Trump has aggressively supported Missouri Attorney General Josh Hawley in his campaign to unseat the incumbent Democrat.
“Russia is a bad actor and we should not tolerate or ignore their attempts to disrupt either American commerce or democracy,” Hawley’s campaign spokeswoman Kelli Ford said in an email Friday morning.
“Senator McCaskill is fortunate that her staffer did not click on the link and give away her personal information and passcodes. This is an important reminder that scam emails and malicious phishing can target anyone.”
The Daily Beast reported that the hackers sent emails to Senate targets informing them their emails had expired, a phishing scheme similar to the one used against Democratic presidential candidate Hillary Clinton’s campaign chair, John Podesta, during the 2016 election.
A day before the hacking attempt against McCaskill became public, her fellow Missouri Democrat, U.S. Rep. Emanuel Cleaver, expressed concern that Russia would seek to interfere in the mid-term elections, which will decide control of the U.S. House and Senate.
“The Russians have not retreated at all since 2016. We will very likely find their fingerprints all over the 2018 elections,” Cleaver said.
Cleaver criticized Trump and congressional Republicans for not doing more to protect against the threat of Russian influence on elections.
“It’s almost like this is part of our political process now. … We’re not doing anything, not anything, that would make our elections safer,” he said. “And we haven’t come up with any way to punish the perpetrators from the last time.”
McCaskill’s colleague, U.S. Sen. Roy Blunt, a Missouri Republican, chairs the Senate Rules Committee, which has held multiple hearings on the issue of election security, and serves on the Senate Intelligence Committee, which is investigating Russia’s role in the 2016 election.
Trump has repeatedly disputed the notion that Russian cyber attacks against the Clinton campaign and the Democratic National Committee were intended to boost his campaign over the former secretary of state’s.
During an interview Wednesday with The Star, Blunt said he agreed with the consensus of the U.S. intelligence community that during the 2016 election Russia “wanted to do things that would weaken our democracy, they wanted to do things that would hurt the person that they thought was going to be elected president, Hillary Clinton, and that in the process of doing that they wound up with a clear preference for things that would help (Trump). But I think it was in that order.”
Blunt was careful to distinguish between Russia’s cyber campaign to influence elections by leaking damaging material or spreading disinformation and the threats to the security of states’ election systems.

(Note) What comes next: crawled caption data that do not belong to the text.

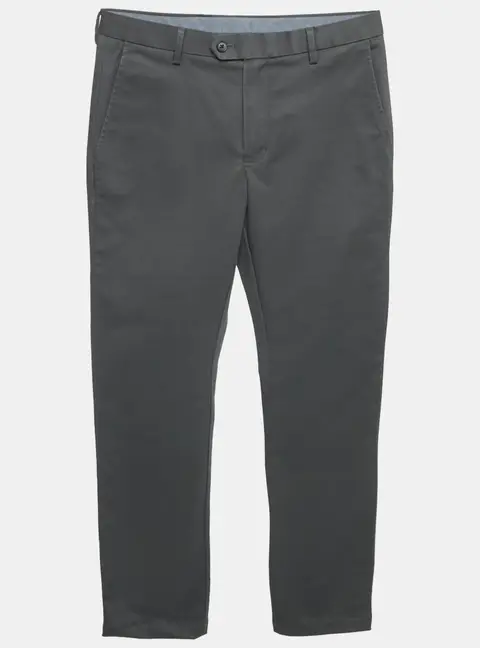 Charles Tyrwhitt Dark Grey Gabardine Cotton Extra Slim Trousers S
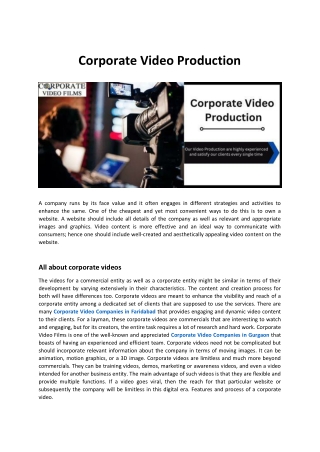 Corporate Video Production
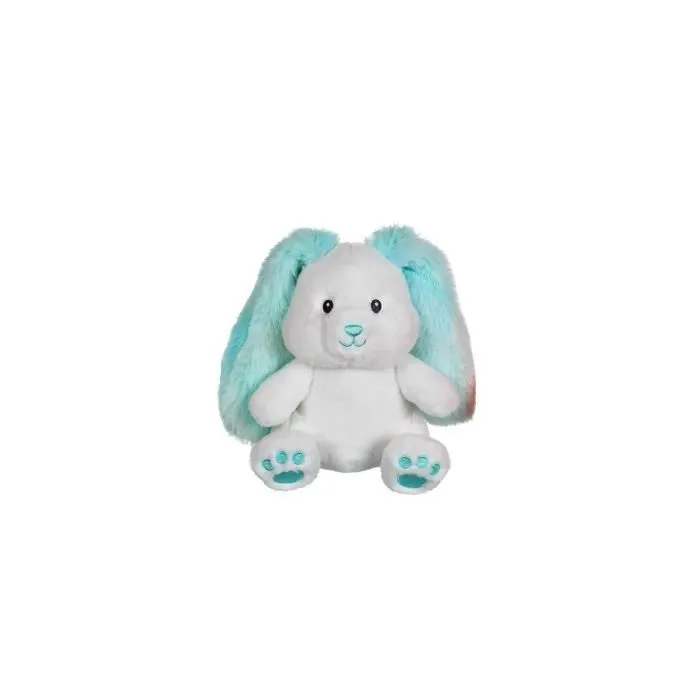 Peluche - Lapin Fluffy - Turquoise - 15 CM - Douceur - Oreilles dégradées - Mixte-0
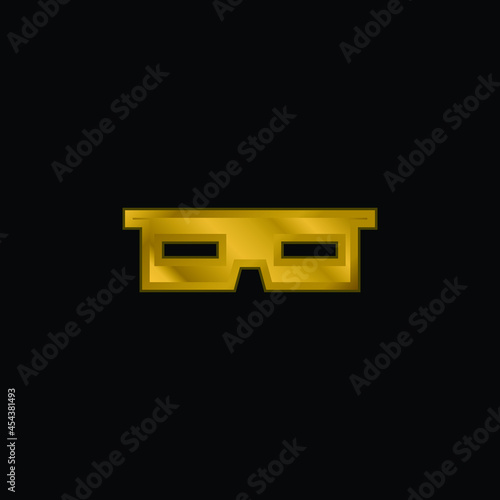 3d Glasses gold plated metalic icon or logo vector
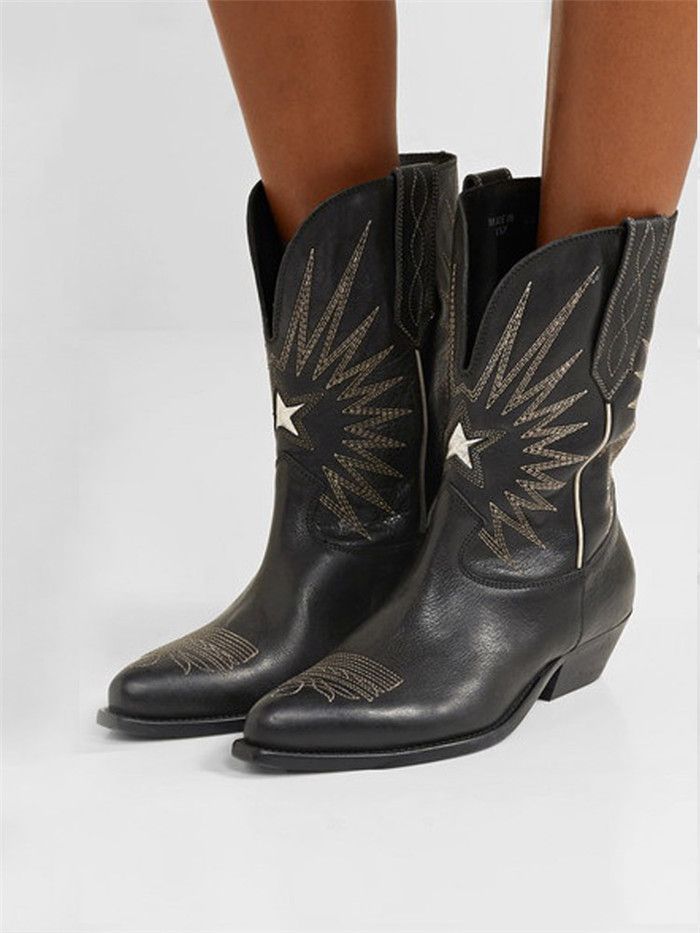 Las más nuevas botas vaqueras para mujer, botas de cuero bordadas con estrella de botas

“I think that’s a totally different question of how social media of all kinds now impacts elections. … That’s different than the structure of the election itself, which is the ultimate thing that voters have to believe in. The thread that binds democracy together is voters believing that what happened on Election Day was what actually happened,” Blunt said.
Blunt said he is confident that federal and local election officials are much more aware of the potential threats against election systems going into the 2018 election. Missouri and Kansas hold their primary elections Aug. 7.